Instructions for the task: Go through the data below line by line. Give only the number of lines that contain "tasto".

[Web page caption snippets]
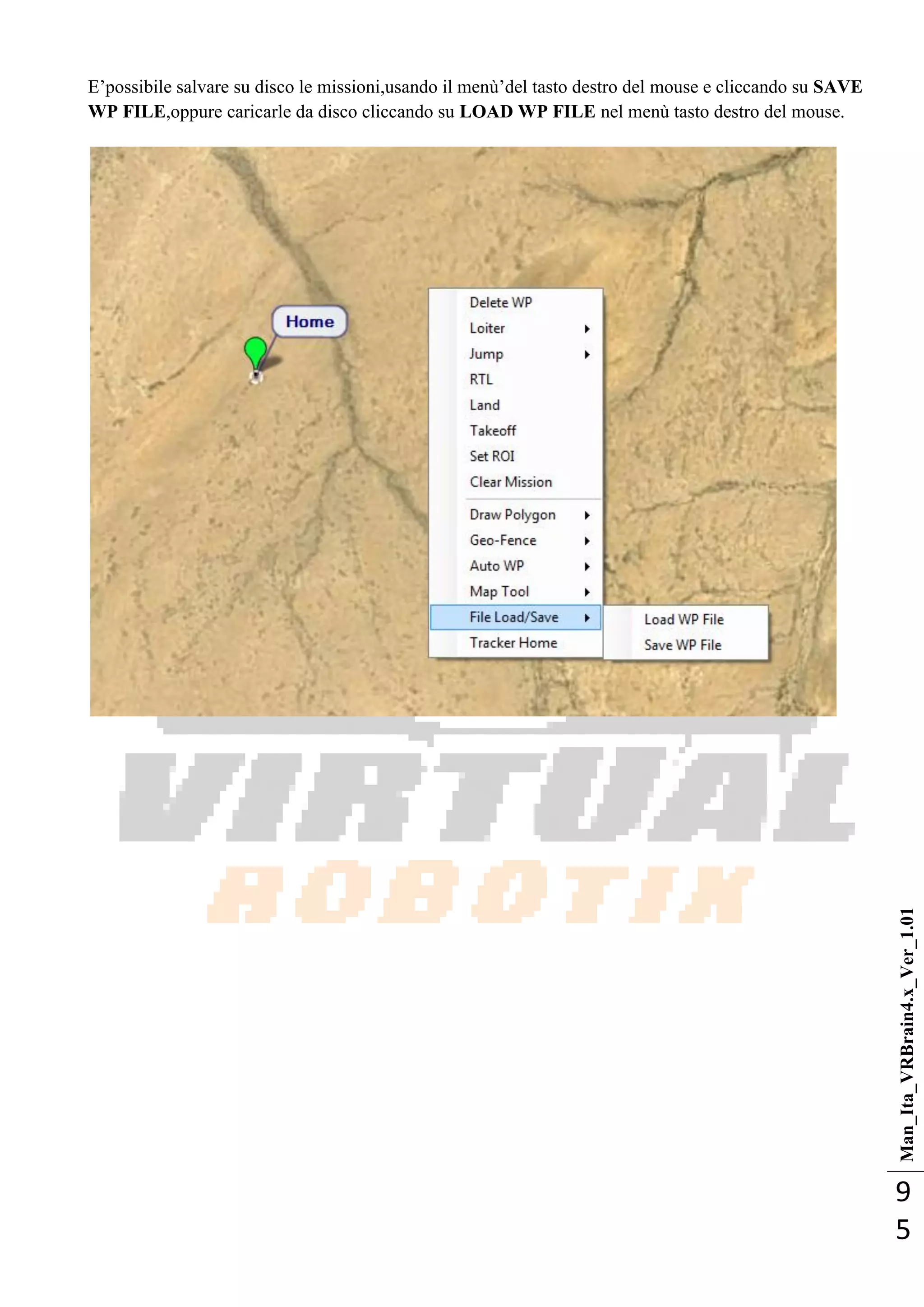Man_Ita_VRBrain4.x_Ver_1.01
9
5
E‘possibile salvare su disco le missioni,usando il menù‘del tasto destro del mouse e cliccando su SAVE
WP FILE,oppure caricarle da disco cliccando su LOAD WP FILE nel menù tasto destro del mouse.
 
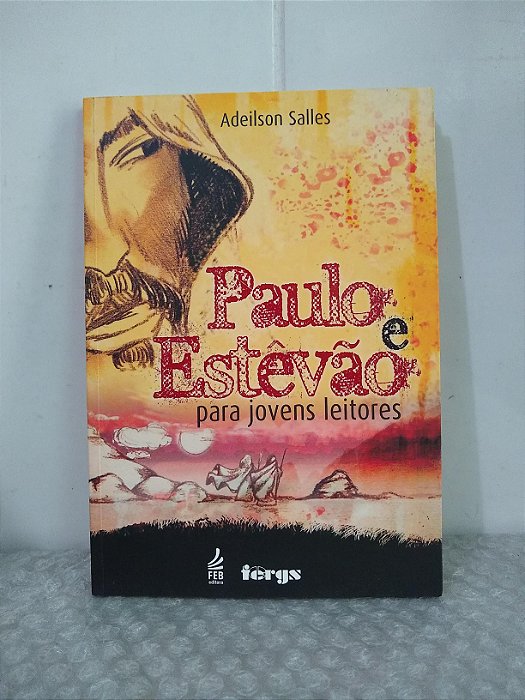 Paulo e Estêvão para Jovens Leitores - Adeilson Salles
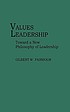Values leadership : toward a new philosophy of... de Gilbert W Fairholm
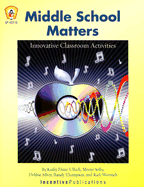 Middle School Matters: Innovative Classroom Activities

Response below: 2